*INFORMATION SUPPLIED*.
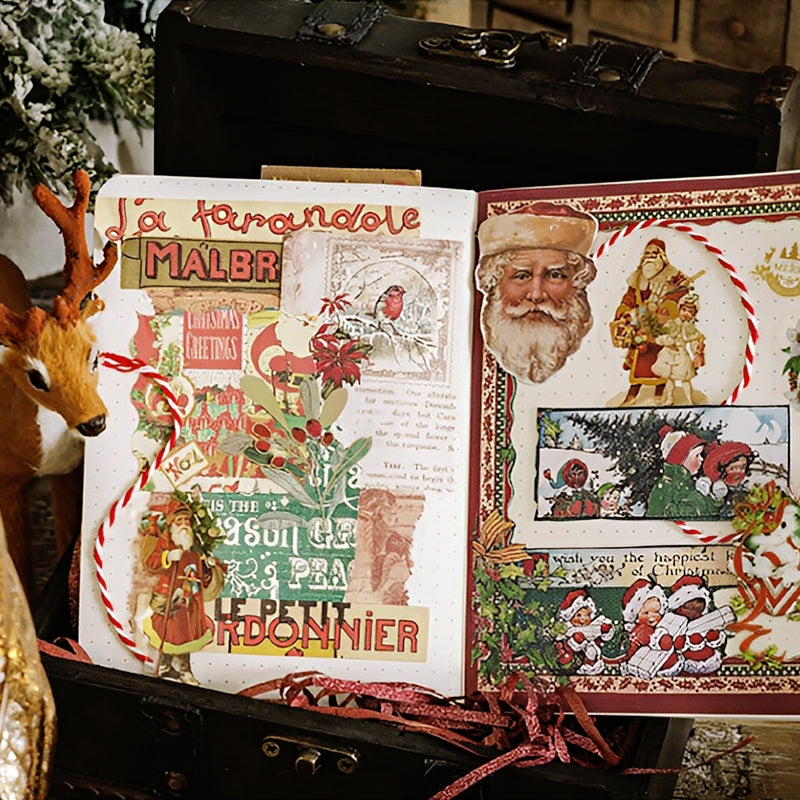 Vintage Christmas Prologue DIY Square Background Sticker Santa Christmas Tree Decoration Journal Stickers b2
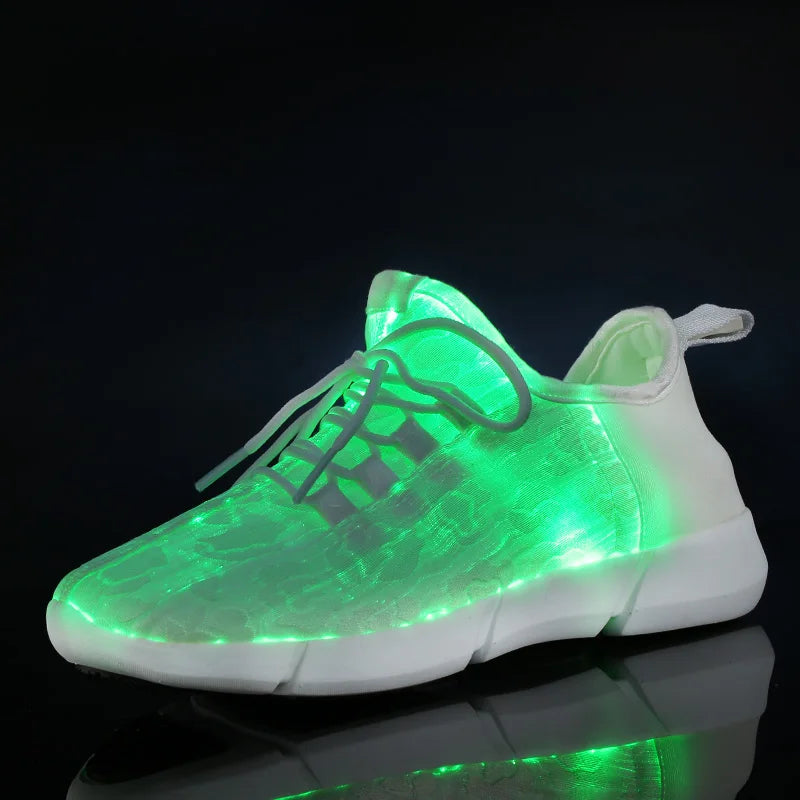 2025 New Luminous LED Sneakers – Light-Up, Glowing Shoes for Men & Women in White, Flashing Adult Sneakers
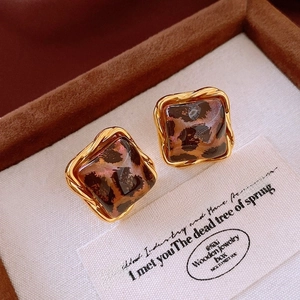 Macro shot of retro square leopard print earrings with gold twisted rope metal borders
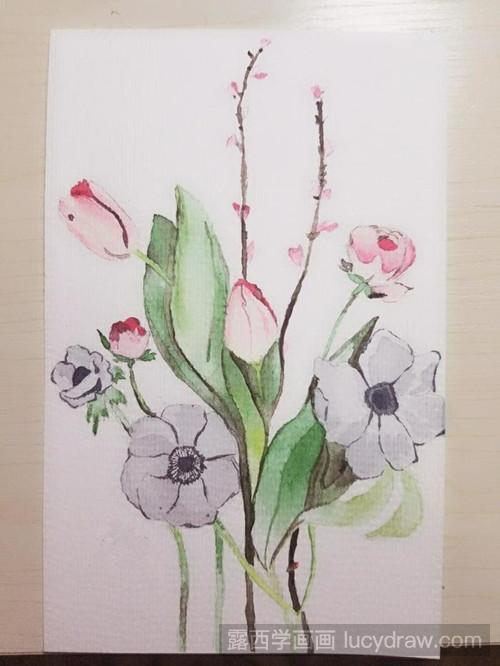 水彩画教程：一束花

*PROBLEM DESCRIPTION*. Reproduce, word for word, every line from the one that contains "2025 New Luminous" to the end of the data, including both ends; omit all pictures.

*SOLUTION TO THIS TASK*.
 2025 New Luminous LED Sneakers – Light-Up, Glowing Shoes for Men & Women in White, Flashing Adult Sneakers
 Macro shot of retro square leopard print earrings with gold twisted rope metal borders
 水彩画教程：一束花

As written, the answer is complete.